BEGIN

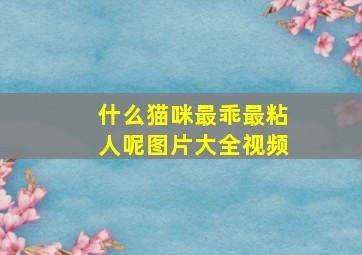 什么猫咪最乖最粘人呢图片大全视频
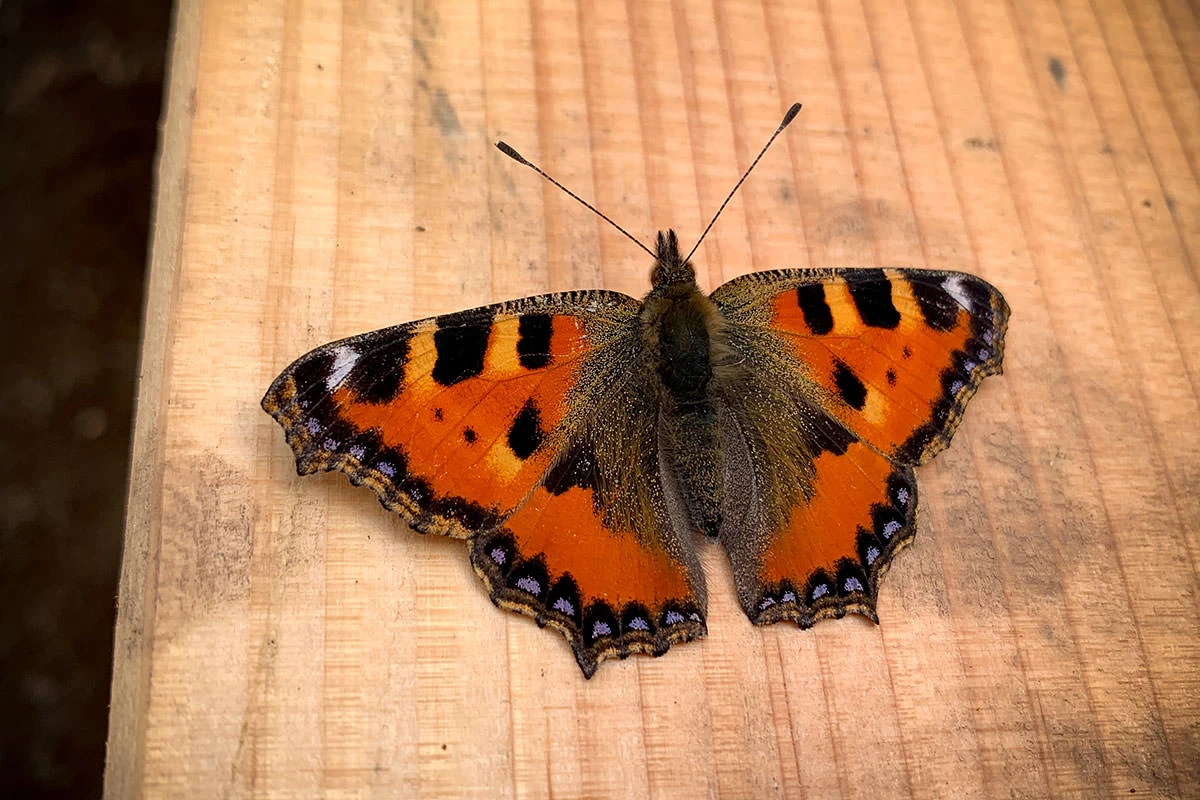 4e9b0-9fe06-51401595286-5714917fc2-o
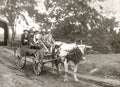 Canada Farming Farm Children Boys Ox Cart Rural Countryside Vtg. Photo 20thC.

END
BEGIN

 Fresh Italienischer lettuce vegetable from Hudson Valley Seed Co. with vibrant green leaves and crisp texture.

END
BEGIN

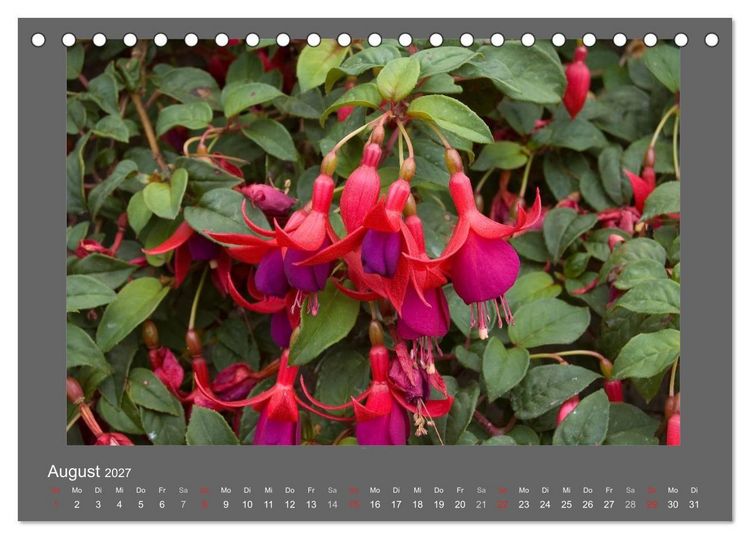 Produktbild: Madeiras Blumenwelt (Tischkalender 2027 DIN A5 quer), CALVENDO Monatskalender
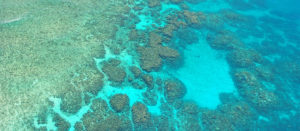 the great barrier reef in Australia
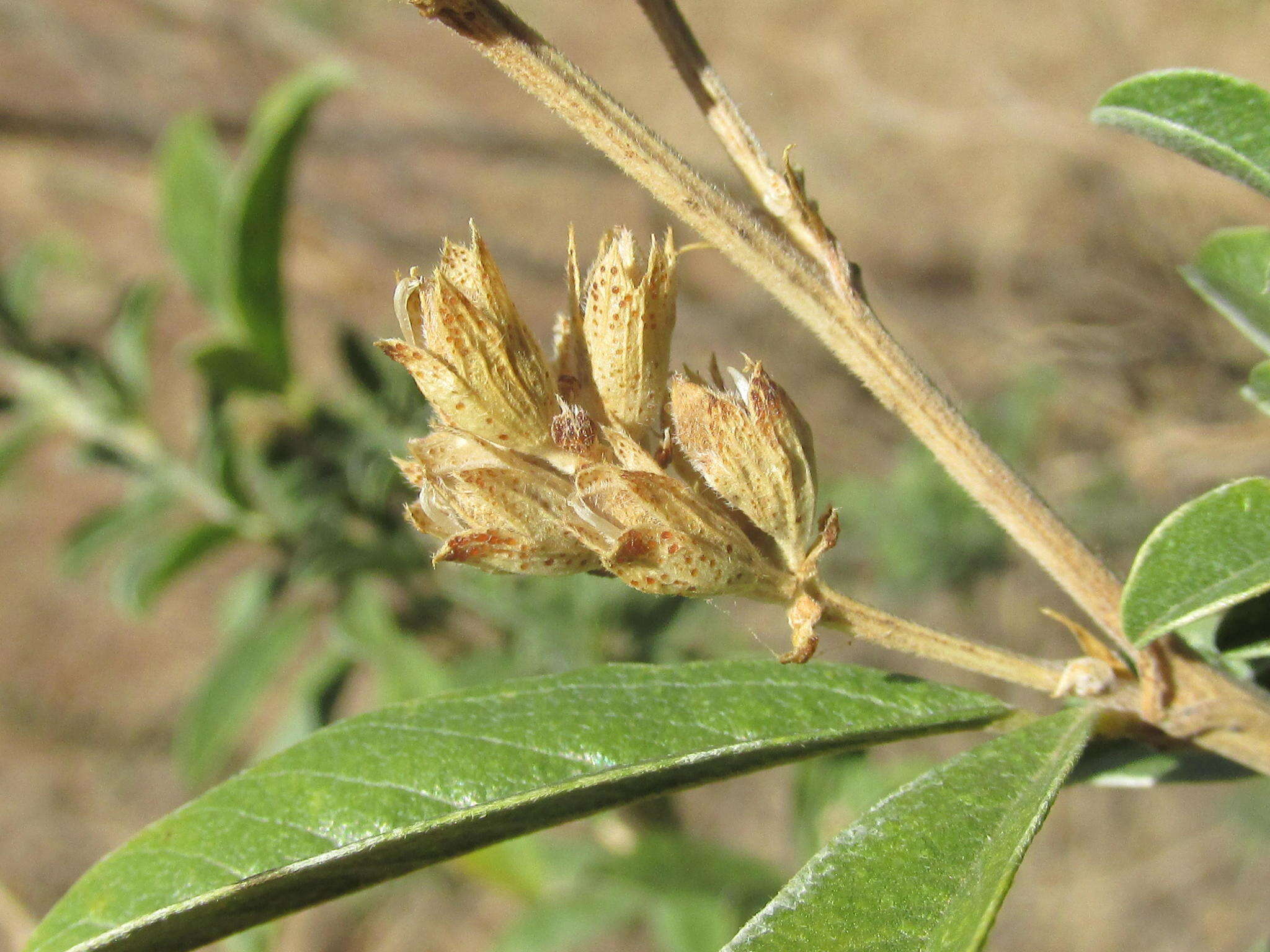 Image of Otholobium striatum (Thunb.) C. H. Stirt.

END

### WHAT YOU NEED TO DO
Exact copy, pictures excluded: every line above from the one containing "什么猫咪最乖最粘人呢图片大全视频" to the one containing "Canada Farming Farm", inclusive, and nothing more.

### WRITTEN REPLY
 什么猫咪最乖最粘人呢图片大全视频
 4e9b0-9fe06-51401595286-5714917fc2-o
 Canada Farming Farm Children Boys Ox Cart Rural Countryside Vtg. Photo 20thC.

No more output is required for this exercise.